Tripura will vote for a new government on Thursday. Rivals CPI-M and Congress have teamed up to defeat the BJP, while the Tipra Motha's rise has added another corner to the fight.

Here is how the political equation in 2023 has its roots in 2018:

  1.  BJP's meteoric rise: The party had never won a single seat in Tripura before 2018. In 2013, the BJP polled 1.54 per cent of votes. But in less than five years, Tripura changed its colours in a result credited mainly to Prime Minister Narendra Modi. The party polled 43.59 per cent of the votes - a whopping 2,730 per cent increase since 2013 - and won 36 seats. The BJP's rise was mostly at the expense of the Congress, whose vote share it ate into.

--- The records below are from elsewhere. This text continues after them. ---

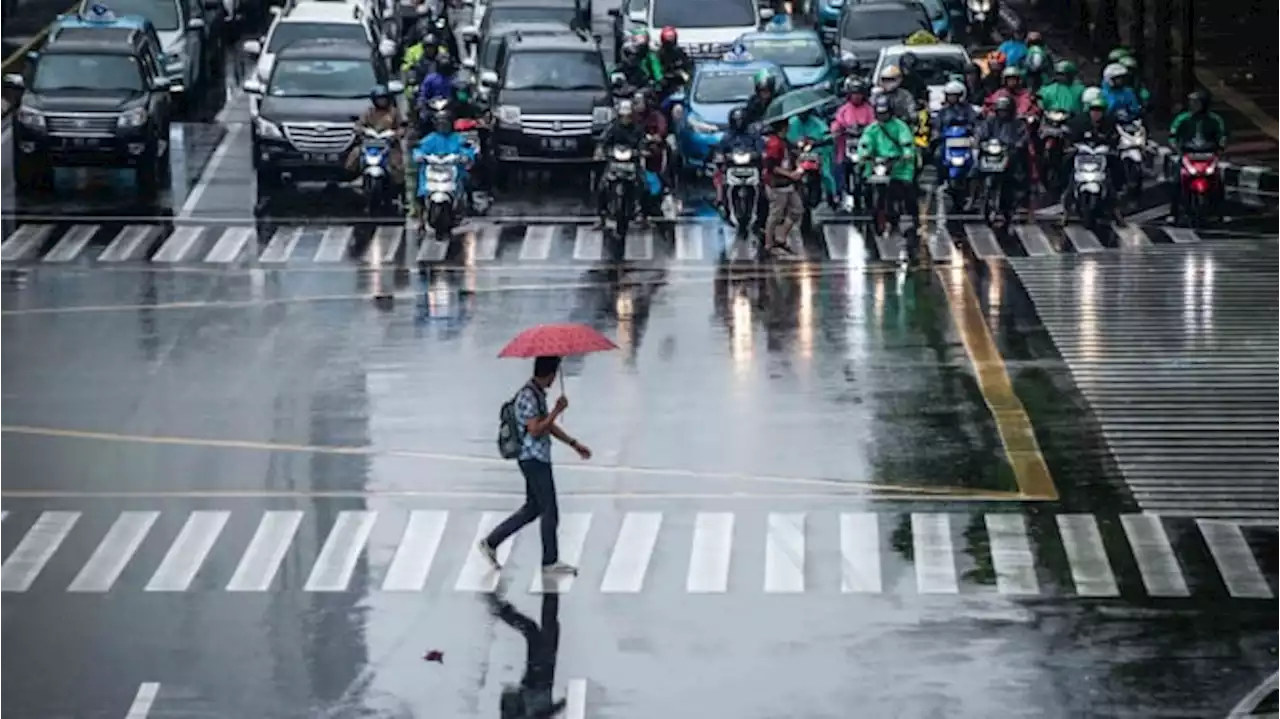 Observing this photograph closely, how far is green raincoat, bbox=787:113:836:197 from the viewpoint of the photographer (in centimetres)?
3769

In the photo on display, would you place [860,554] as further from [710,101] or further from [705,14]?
[705,14]

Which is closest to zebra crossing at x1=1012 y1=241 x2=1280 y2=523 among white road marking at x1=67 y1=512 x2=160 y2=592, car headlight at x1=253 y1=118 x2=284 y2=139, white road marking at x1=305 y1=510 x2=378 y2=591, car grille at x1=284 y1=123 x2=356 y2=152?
white road marking at x1=305 y1=510 x2=378 y2=591

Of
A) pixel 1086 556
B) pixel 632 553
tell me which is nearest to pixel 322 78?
Answer: pixel 632 553

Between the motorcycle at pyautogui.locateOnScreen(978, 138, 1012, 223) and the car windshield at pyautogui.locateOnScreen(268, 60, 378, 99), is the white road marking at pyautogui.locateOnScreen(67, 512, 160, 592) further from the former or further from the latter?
the car windshield at pyautogui.locateOnScreen(268, 60, 378, 99)

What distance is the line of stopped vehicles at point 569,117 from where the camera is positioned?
3672 cm

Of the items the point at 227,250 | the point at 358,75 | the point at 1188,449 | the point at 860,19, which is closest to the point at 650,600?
the point at 1188,449

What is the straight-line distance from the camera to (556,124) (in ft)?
135

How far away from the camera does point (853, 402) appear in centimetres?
2664

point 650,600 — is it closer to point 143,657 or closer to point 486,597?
point 486,597

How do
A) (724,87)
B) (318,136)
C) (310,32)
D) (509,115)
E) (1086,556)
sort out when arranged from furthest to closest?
1. (310,32)
2. (724,87)
3. (509,115)
4. (318,136)
5. (1086,556)

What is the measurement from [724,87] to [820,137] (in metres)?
4.46

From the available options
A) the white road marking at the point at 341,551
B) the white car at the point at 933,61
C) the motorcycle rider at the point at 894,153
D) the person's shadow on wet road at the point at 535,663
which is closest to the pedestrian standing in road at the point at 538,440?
the person's shadow on wet road at the point at 535,663

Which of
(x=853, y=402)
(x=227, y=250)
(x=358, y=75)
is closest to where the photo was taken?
(x=853, y=402)

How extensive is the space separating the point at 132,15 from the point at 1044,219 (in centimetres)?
1760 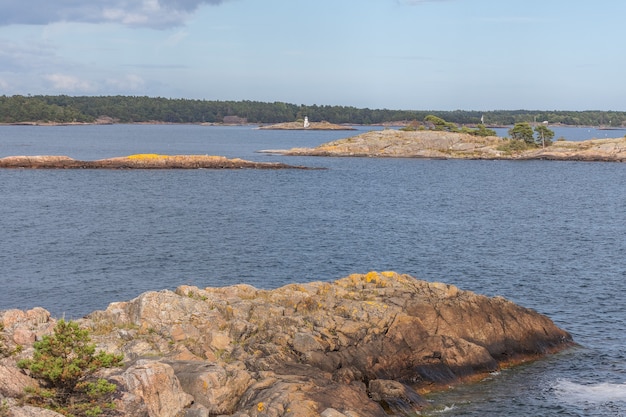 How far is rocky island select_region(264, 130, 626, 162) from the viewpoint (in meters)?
158

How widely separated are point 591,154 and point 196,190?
307 ft

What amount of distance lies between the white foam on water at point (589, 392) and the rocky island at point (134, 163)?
336 feet

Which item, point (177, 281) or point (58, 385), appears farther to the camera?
point (177, 281)

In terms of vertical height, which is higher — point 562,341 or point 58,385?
point 58,385

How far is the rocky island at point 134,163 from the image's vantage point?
124250mm

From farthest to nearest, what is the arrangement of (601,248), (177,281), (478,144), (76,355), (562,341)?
(478,144)
(601,248)
(177,281)
(562,341)
(76,355)

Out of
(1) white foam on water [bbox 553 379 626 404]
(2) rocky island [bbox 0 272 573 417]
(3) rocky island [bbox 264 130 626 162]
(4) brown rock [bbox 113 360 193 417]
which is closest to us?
(4) brown rock [bbox 113 360 193 417]

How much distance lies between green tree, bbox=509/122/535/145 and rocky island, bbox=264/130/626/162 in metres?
2.69

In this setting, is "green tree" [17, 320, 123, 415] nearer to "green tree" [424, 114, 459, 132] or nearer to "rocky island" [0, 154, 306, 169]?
"rocky island" [0, 154, 306, 169]

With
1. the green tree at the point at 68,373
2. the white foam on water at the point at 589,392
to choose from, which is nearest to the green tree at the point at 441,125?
the white foam on water at the point at 589,392

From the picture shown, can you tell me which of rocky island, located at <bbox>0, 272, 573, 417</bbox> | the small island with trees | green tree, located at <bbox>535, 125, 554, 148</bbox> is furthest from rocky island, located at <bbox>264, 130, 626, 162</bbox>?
rocky island, located at <bbox>0, 272, 573, 417</bbox>

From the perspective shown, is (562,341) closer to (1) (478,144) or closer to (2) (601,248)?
(2) (601,248)

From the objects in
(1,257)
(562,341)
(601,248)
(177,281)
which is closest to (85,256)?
(1,257)

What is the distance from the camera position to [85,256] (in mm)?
54406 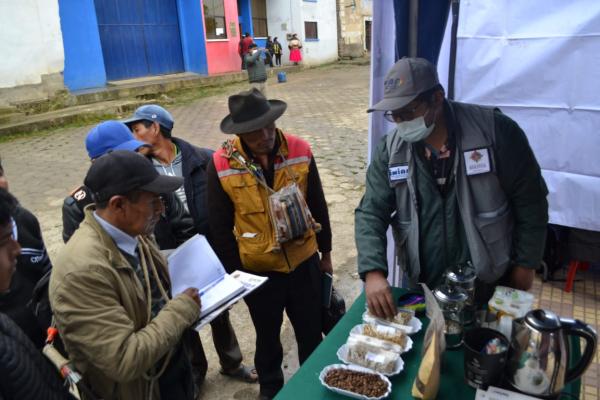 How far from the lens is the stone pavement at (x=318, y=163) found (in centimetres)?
328

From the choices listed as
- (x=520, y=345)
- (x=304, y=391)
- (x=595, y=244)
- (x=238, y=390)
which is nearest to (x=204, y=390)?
(x=238, y=390)

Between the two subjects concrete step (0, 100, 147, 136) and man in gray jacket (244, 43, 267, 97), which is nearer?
concrete step (0, 100, 147, 136)

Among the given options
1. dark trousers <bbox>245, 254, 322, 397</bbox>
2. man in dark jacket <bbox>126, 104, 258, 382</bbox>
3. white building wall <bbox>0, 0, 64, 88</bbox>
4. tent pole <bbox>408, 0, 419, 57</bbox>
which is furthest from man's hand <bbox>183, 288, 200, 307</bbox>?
white building wall <bbox>0, 0, 64, 88</bbox>

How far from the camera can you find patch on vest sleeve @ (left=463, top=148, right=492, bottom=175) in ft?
6.22

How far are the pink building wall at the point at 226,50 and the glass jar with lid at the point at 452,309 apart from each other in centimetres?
Result: 1584

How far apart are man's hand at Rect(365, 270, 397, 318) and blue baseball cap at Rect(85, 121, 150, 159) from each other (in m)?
1.33

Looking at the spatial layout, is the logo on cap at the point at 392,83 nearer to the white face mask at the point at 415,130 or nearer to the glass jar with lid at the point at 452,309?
the white face mask at the point at 415,130

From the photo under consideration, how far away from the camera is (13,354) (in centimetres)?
123

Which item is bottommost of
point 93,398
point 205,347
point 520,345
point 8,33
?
point 205,347

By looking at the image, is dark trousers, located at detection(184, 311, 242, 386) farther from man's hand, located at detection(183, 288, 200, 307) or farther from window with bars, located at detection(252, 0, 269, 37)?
window with bars, located at detection(252, 0, 269, 37)

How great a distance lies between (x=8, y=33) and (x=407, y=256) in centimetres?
1126

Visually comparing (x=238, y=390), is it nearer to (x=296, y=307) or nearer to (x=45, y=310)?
(x=296, y=307)

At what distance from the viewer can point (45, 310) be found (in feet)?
5.48

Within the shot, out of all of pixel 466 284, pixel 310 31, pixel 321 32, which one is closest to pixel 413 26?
pixel 466 284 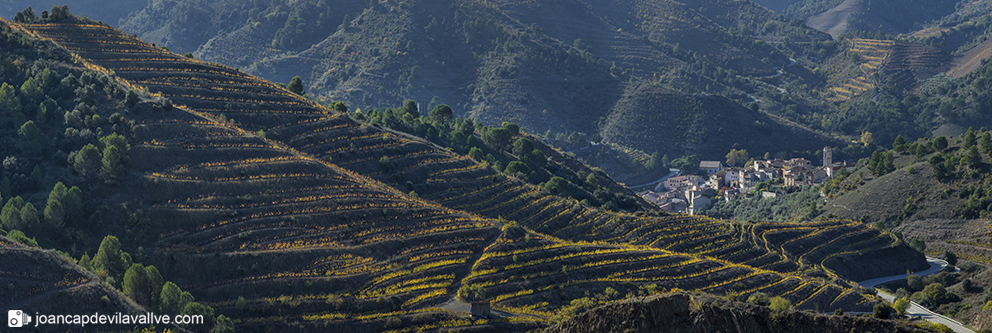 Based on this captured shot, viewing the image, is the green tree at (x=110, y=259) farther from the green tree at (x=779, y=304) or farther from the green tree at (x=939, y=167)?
the green tree at (x=939, y=167)

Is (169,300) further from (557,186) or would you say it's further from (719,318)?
(557,186)

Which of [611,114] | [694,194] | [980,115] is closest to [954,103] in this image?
[980,115]

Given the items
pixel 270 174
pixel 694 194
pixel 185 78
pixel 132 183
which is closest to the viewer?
pixel 132 183

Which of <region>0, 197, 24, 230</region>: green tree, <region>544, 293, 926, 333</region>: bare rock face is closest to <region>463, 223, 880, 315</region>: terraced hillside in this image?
<region>544, 293, 926, 333</region>: bare rock face

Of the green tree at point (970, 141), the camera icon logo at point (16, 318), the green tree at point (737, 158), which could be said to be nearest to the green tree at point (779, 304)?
the camera icon logo at point (16, 318)

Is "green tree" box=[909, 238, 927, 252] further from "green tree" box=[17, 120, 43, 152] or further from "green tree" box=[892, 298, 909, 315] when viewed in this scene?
"green tree" box=[17, 120, 43, 152]

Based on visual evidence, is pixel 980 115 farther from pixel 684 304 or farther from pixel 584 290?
pixel 684 304

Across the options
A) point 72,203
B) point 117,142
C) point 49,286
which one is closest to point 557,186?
point 117,142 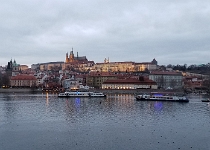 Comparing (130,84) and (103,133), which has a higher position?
(130,84)

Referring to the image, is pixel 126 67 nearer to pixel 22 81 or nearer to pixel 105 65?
pixel 105 65

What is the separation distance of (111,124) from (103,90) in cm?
4358

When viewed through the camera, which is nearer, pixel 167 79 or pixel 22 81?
pixel 167 79

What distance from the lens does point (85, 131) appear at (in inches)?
682

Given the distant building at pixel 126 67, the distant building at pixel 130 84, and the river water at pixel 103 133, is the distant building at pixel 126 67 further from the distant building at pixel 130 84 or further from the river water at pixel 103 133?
the river water at pixel 103 133

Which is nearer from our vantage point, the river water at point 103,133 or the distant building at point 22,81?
the river water at point 103,133

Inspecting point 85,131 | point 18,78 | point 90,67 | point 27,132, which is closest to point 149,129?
point 85,131

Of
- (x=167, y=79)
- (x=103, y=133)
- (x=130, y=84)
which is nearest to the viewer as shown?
(x=103, y=133)


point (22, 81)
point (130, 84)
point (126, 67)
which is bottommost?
point (130, 84)

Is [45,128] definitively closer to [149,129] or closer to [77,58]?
[149,129]

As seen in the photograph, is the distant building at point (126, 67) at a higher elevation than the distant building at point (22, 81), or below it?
higher

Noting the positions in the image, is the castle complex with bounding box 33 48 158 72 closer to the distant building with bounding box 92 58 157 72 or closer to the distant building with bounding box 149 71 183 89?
the distant building with bounding box 92 58 157 72

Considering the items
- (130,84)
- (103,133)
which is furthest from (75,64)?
(103,133)

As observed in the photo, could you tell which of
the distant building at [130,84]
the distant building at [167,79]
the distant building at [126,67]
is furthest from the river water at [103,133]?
the distant building at [126,67] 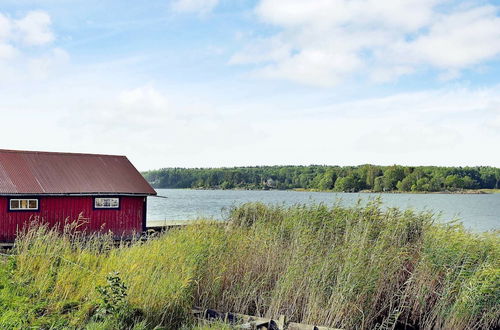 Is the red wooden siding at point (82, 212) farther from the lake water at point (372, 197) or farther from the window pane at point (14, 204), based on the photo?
the lake water at point (372, 197)

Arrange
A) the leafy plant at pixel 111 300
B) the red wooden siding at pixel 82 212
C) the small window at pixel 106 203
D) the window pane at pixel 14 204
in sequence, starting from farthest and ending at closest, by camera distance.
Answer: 1. the small window at pixel 106 203
2. the window pane at pixel 14 204
3. the red wooden siding at pixel 82 212
4. the leafy plant at pixel 111 300

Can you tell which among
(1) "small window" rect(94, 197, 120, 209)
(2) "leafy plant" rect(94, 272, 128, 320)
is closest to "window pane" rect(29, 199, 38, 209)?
(1) "small window" rect(94, 197, 120, 209)

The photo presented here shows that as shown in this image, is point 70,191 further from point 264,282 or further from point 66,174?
point 264,282

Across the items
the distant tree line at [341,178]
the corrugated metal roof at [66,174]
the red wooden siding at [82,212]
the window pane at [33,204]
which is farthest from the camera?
the distant tree line at [341,178]

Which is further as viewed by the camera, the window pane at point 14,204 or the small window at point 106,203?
the small window at point 106,203

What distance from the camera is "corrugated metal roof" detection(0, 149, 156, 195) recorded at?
67.3 ft

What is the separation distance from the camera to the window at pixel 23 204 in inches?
783

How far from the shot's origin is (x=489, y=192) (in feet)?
343

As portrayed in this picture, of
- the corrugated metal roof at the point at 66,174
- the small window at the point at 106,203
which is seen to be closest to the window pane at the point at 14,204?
the corrugated metal roof at the point at 66,174

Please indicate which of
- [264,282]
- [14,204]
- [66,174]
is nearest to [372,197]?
[264,282]

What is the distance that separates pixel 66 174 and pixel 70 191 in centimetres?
121

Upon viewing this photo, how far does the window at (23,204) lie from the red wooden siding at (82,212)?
5.3 inches

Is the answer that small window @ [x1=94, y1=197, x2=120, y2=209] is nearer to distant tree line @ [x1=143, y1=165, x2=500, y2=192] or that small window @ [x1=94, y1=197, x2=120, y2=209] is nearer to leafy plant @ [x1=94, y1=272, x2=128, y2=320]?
leafy plant @ [x1=94, y1=272, x2=128, y2=320]

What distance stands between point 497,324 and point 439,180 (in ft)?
289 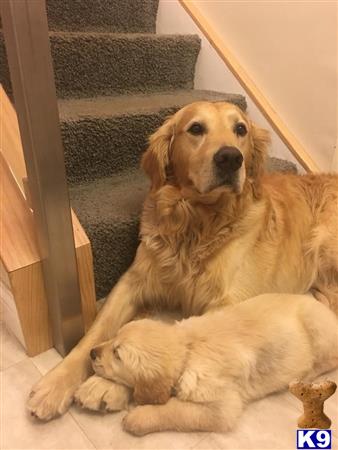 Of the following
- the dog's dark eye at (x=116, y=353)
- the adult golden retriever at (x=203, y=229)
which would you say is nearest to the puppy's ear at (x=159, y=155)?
the adult golden retriever at (x=203, y=229)

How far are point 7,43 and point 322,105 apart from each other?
1.46m

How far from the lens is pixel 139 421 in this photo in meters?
0.93

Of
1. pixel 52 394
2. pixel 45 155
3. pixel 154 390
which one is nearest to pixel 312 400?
pixel 154 390

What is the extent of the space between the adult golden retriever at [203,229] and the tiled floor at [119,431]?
13cm

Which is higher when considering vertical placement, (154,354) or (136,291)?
(154,354)

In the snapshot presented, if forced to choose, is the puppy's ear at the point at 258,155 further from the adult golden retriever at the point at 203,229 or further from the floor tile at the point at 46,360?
the floor tile at the point at 46,360

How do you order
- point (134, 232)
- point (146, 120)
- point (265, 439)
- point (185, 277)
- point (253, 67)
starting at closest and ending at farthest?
1. point (265, 439)
2. point (185, 277)
3. point (134, 232)
4. point (146, 120)
5. point (253, 67)

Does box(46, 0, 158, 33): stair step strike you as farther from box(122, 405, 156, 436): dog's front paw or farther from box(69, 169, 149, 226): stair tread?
box(122, 405, 156, 436): dog's front paw

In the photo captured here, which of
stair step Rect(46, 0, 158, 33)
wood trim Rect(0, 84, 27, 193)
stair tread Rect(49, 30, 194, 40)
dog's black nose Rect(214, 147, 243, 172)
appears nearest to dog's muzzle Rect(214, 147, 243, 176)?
dog's black nose Rect(214, 147, 243, 172)

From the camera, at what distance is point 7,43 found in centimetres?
82

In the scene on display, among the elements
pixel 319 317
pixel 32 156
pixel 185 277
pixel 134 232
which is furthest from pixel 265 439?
pixel 32 156

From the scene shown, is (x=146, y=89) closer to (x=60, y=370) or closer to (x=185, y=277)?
(x=185, y=277)

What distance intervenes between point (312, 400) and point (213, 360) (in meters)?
0.27

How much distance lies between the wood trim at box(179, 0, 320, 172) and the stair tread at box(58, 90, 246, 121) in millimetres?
90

  2. BJP vs CPI-M contest: While the two parties are ideological rivals, there had never been a direct electoral contest between the two parties until 2018. Historically, CPI-M's rival had been the Congress (Trinamool in Bengal since 1998) in West Bengal, Kerala and Tripura, which are the Left bastions.

  3. Left losing another bastion: The CPI-M-led Left Front ruled the state for nearly four decades, with a gap between 1988 and 1993, when the Congress was in power. The Tripura loss came seven years after the Left Front lost power in West Bengal, a state it had ruled for 34 years. The loss was also symptomatic of the Left's rapid decline in national politics - from a high of 59 seats in the 2004 Lok Sabha polls to just 10 seats in 2014.

  4. Congress's rout: The party's electoral fortunes continued to decline as it won no seats in the 2018 polls - its worst performance. Traditionally, the main Opposition party in the state, the Congress' vote bank declined from 36.53 per cent in 2013 to just 1.79 per cent in 2018.  Its vote bank, data shows, largely shifted to the BJP.

  5. Tribal factor: The BJP allied with the Indigenous People's Front of Tripura (IPFT) and swept the tribal seats. In 2018, the alliance won 18 out of the 20 seats reserved for the Scheduled Tribes. The IPFT won eight of them. However, it has been a downward journey for the IPFT since 2018. The party was wiped out in the 2021 Tribal Areas Autonomous District Council polls and settled for just five seats while allying with the BJP this time.